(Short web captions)

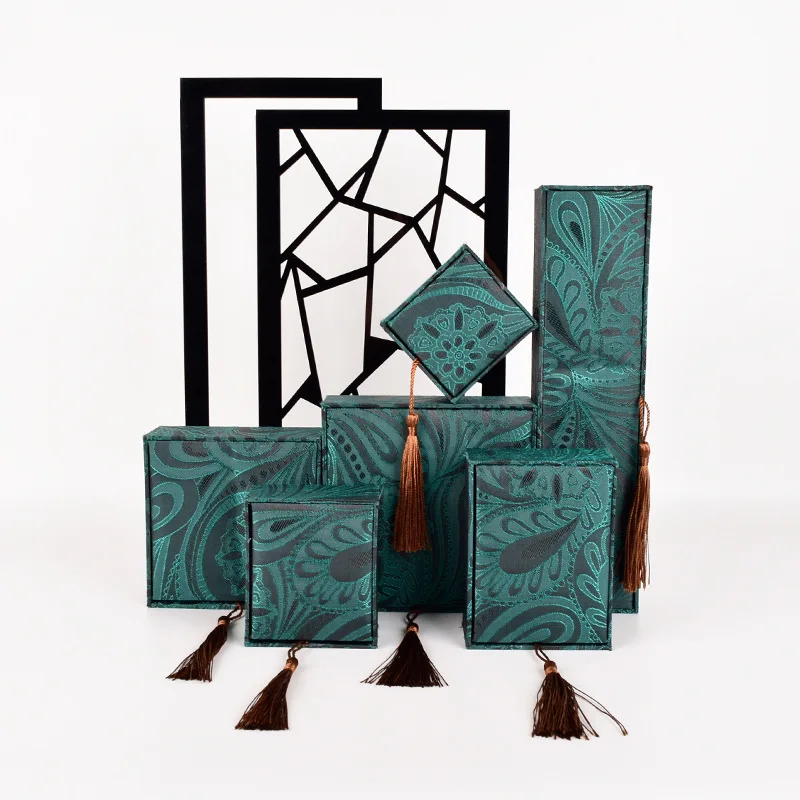 [10pcs]Wholesale Tassel Brocade Jewelry Box Chinese Style Jewelry Wenzhu Buddha Beads Wenzhu Jade Boxes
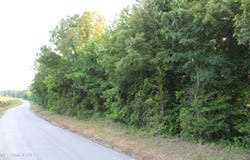 999 Whites Crossing Road, Ashland, MS 38603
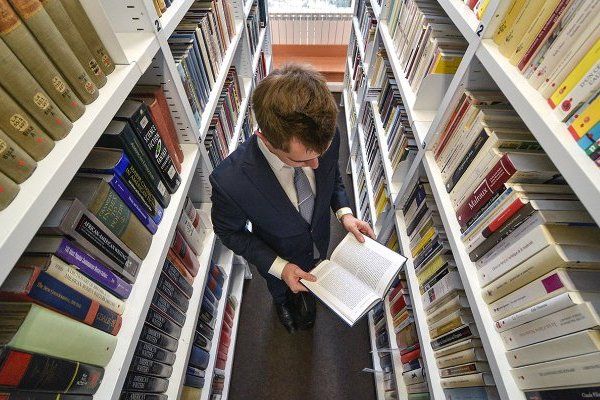 Во втором микрорайоне Зеленограда отремонтировали библиотеку для взрослых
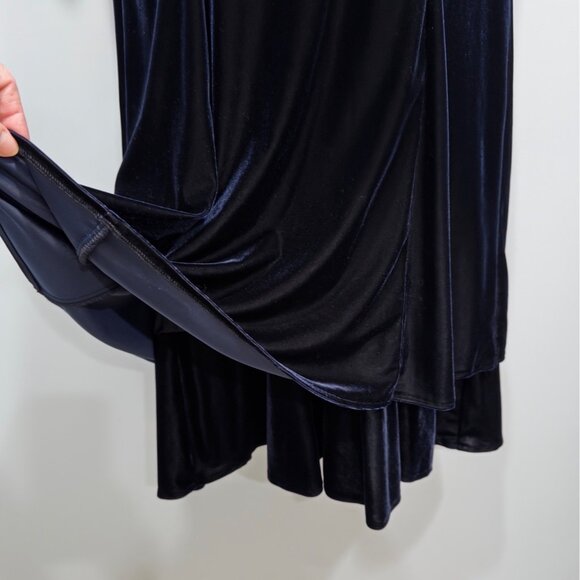 Vintage 90s Velvet Dress 16 Deep Blue Midi Tiered Flutter Sleeve Goth Holiday - Picture 6 of 8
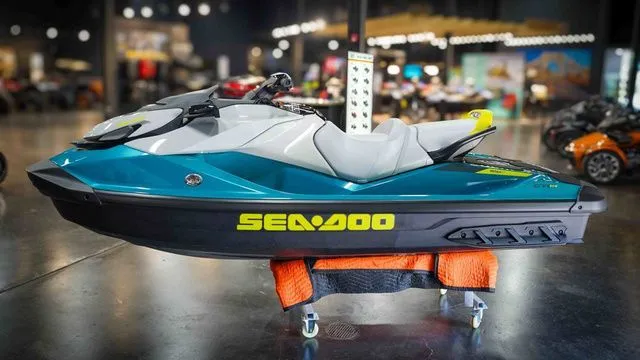 Slide: The Image of Sea-Doo GTI 2025 - 5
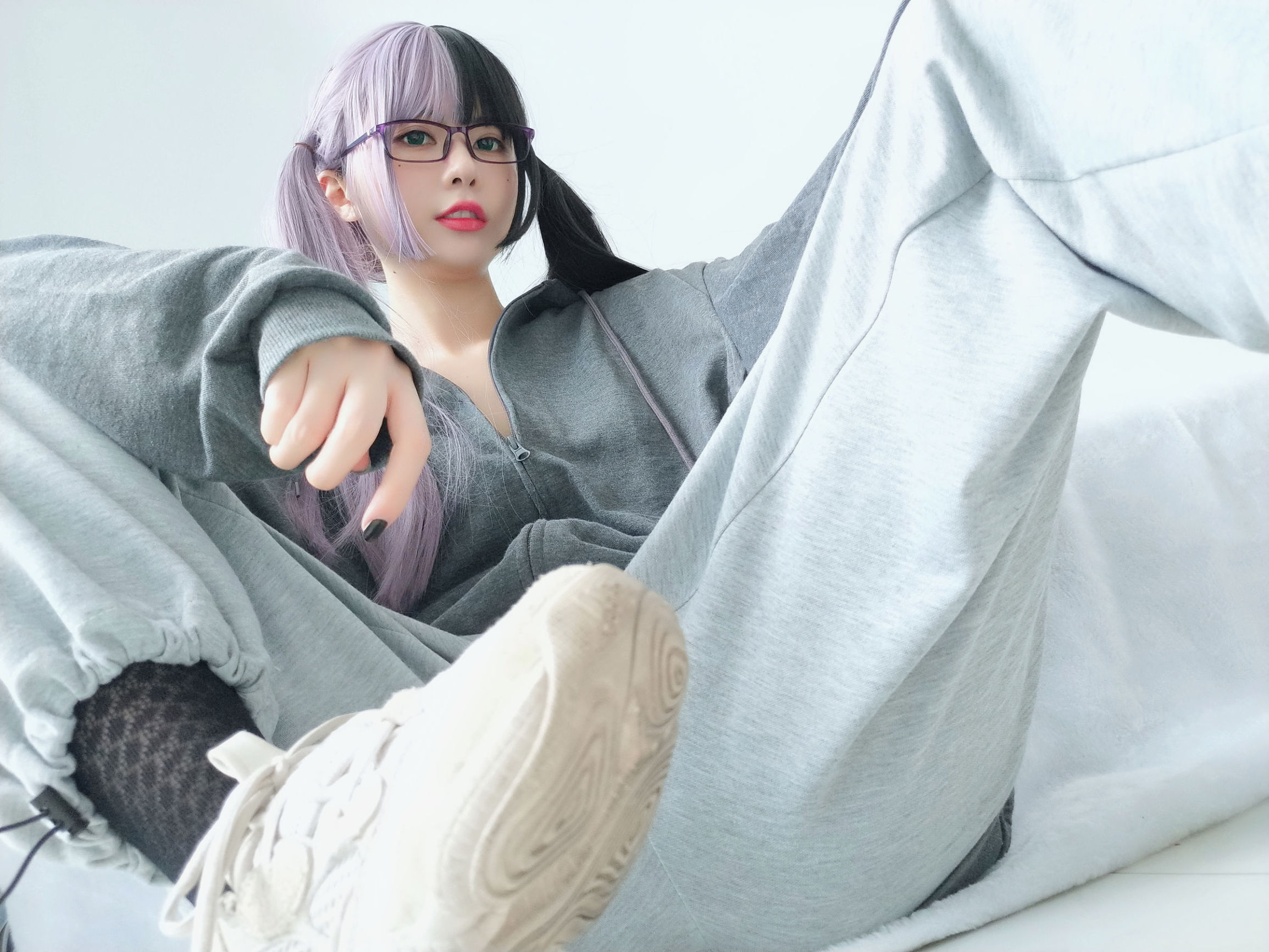 萌妹子眼酱大魔王w Tất lưới đen gợi cảm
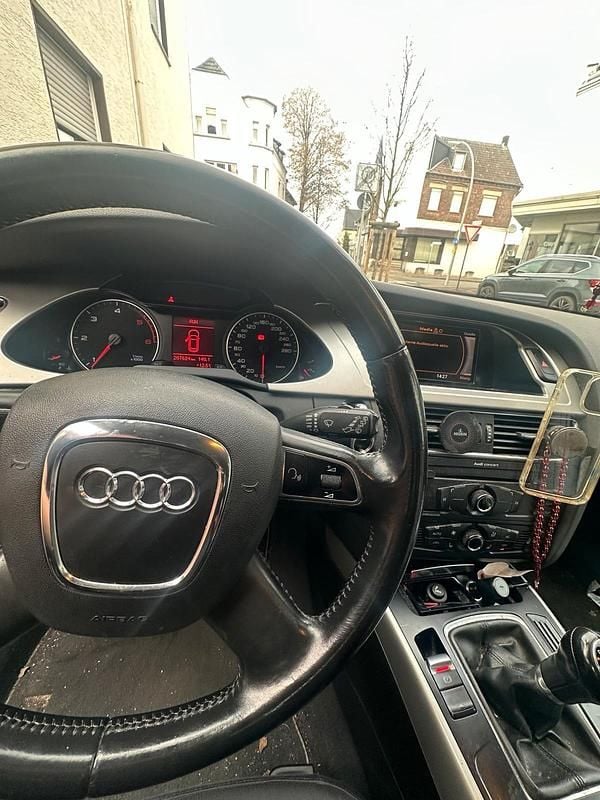 Gebraucht Audi A4 143 PS (105 kW) 2010 Schwarz Kombi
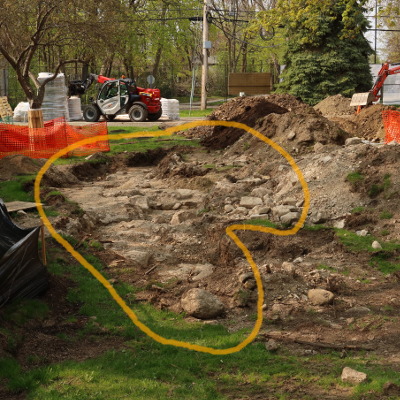 What was found here is apparently the base of a fireplace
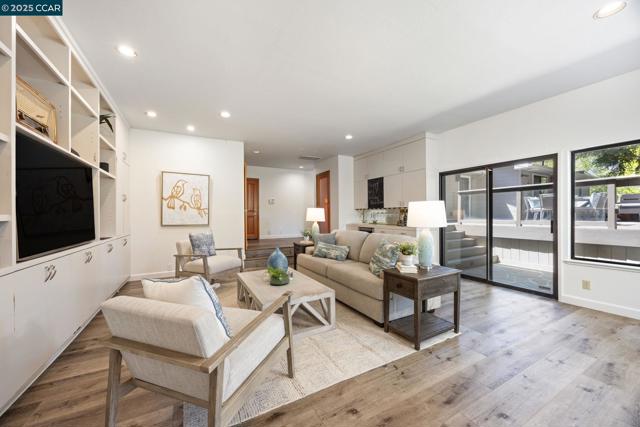 1834 Ivanhoe Ave, Lafayette CA: https://media.crmls.org/mediaz/0d3fe2f0-656a-4fed-830c-d58e256c16dd.jpg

WHAT IS NEEDED.
Please print all the data above word for word. Pictures should not appear in the copy.

SOLUTION TO THIS TASK.
 [10pcs]Wholesale Tassel Brocade Jewelry Box Chinese Style Jewelry Wenzhu Buddha Beads Wenzhu Jade Boxes
 999 Whites Crossing Road, Ashland, MS 38603
 Во втором микрорайоне Зеленограда отремонтировали библиотеку для взрослых
 Vintage 90s Velvet Dress 16 Deep Blue Midi Tiered Flutter Sleeve Goth Holiday - Picture 6 of 8
 Slide: The Image of Sea-Doo GTI 2025 - 5
 萌妹子眼酱大魔王w Tất lưới đen gợi cảm
 Gebraucht Audi A4 143 PS (105 kW) 2010 Schwarz Kombi
 What was found here is apparently the base of a fireplace
 1834 Ivanhoe Ave, Lafayette CA: https://media.crmls.org/mediaz/0d3fe2f0-656a-4fed-830c-d58e256c16dd.jpg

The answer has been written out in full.